A neutralizing monoclonal anti-YKL-40 antibody (mAY) was created and found to prevent vascularization in glioblastome through dysfunction of intercellular N-cadherin and it was suggested that the treatment with mAY and ionizing irradiation (IR) synergistically hindered vascularization and spread of the tumor (Shao et al., 2014). They also speculated that more aggressive glioblastomes might be treated with a combination of mAY, IR and bevacizumab (an anti-vascular endothelial growth factor (VEGF) antibody) and for bevacizumab-resilient cancers that express YKL-40 bevacizumab might be replaced by a mAY.

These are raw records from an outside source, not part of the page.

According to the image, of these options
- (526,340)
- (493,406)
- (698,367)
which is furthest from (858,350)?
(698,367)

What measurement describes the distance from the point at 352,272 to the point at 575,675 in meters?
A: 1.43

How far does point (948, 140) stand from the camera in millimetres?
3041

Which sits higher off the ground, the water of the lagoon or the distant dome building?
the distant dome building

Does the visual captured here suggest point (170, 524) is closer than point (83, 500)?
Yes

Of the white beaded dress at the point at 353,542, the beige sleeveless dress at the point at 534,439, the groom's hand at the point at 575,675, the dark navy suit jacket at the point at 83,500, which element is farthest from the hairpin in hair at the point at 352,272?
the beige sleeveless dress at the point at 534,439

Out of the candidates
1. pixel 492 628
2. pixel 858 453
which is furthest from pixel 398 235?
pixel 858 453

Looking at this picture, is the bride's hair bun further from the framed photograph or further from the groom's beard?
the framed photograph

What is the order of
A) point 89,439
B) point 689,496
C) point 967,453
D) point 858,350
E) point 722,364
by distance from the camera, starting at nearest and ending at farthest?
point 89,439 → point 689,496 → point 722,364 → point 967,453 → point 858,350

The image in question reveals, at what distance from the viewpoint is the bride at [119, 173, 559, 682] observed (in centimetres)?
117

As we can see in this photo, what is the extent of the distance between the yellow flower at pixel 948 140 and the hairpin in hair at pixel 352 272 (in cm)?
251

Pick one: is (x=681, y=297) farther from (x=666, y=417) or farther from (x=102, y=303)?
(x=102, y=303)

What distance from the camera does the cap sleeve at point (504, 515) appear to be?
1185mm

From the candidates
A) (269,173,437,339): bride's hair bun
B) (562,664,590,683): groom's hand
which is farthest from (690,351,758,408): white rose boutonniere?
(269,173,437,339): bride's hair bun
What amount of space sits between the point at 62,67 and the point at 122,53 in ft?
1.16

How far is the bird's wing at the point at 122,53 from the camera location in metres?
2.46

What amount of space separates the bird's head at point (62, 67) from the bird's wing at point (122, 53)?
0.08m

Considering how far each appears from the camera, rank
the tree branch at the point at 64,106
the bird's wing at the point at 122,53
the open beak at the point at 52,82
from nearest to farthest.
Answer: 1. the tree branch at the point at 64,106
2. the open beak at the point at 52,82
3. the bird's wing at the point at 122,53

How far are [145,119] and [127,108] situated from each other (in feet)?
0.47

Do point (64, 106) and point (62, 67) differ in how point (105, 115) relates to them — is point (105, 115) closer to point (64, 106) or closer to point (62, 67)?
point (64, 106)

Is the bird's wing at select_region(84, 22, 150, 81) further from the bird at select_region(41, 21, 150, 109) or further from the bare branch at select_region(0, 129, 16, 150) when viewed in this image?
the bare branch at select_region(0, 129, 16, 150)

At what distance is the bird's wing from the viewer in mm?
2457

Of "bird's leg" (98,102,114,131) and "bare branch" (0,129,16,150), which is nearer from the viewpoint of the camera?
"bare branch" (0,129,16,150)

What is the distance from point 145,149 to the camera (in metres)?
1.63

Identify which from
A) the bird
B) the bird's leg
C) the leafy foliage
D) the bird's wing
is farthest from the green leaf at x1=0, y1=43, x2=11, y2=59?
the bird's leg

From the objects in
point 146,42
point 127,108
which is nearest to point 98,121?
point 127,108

Indeed, mAY was shown to abolish all the cascades that were mediated by YKL-40 and were involved in angiogenesis, such as the coordination of membrane bound receptor syndecan-1 and integrin αvβ3, the activation of the FAK-Erk1 and Erk2 signaling cascades, the increase in the expression of Flk-1/KDR (a VEGF receptor 2 that intercedes VEGF angiogenesis) and the activation of the tyrosine phosphorylated form of Flk-1/KDR (Faibish et al., 2011). Elevated YKL-40 expression resulting from γ-irradiation eventually abrogated apoptosis and enhanced angiogenesis, so mAY conversely sensitized tumor cells to γ-irradiation via a decrease of PI3K-independent AKT phosphorylation and mAY consistently was found to abolish endothelial cell angiogenesis; these findings agreed with the opinion that creating a therapeutic pathway by nullifying YKL-40 activity with monoclonal antibodies might be the next step in cancers that express high YKL-40 (Shao, 2013).

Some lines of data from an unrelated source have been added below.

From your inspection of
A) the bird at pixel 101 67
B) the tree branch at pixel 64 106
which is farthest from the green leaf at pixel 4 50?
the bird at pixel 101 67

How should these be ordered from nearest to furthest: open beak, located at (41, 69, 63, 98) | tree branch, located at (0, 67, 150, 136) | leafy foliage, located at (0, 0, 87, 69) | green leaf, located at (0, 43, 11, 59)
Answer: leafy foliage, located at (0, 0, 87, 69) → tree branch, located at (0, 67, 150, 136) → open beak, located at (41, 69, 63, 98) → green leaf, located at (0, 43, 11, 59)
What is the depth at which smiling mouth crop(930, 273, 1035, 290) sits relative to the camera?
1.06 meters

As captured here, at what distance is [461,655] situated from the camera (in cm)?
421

Despite the efforts there are still many questions to be answered, e.g. Is targeting YKL-40 in fact a possible therapeutic solution for cancer, or which cancers might benefit from such a treatment and which cancers, if any, must not be treated with anti-YKL-40, or should anti-YKL-40 be used in combination with novel agents or must it be used alone. The small patient number was one of the limitations of our study. This was, we believe, why we did not find a significant relationship between YKL-40 level and any of the clinicopathologic parameters, so in conclusion, we found that YKL-40 level was diagnostic, but, however it had neither prognostic nor predictive value in melanoma. Because this was a retrospective analysis and some of the data were missing it might have played a role in failure of establishing a representative distribution, therefore future studies assessing YKL-40 has to be designed accordingly. We believe that investigation of YKL-40 in cancer is worth the time and effort and that future studies should also focus on therapeutic approaches targeting YKL-40.

Conflict of Interest Statement

The authors declare that they have no conflict of interest.

Role of the funding source

There is no funding source.

Ethical approval

This article does not contain any studies and experiments with human participants or animal performed by any of the authors. This study was approved by the Regional Ethics Committee.

Informed consent

Informed consent was obtained from all individual participants included in the study.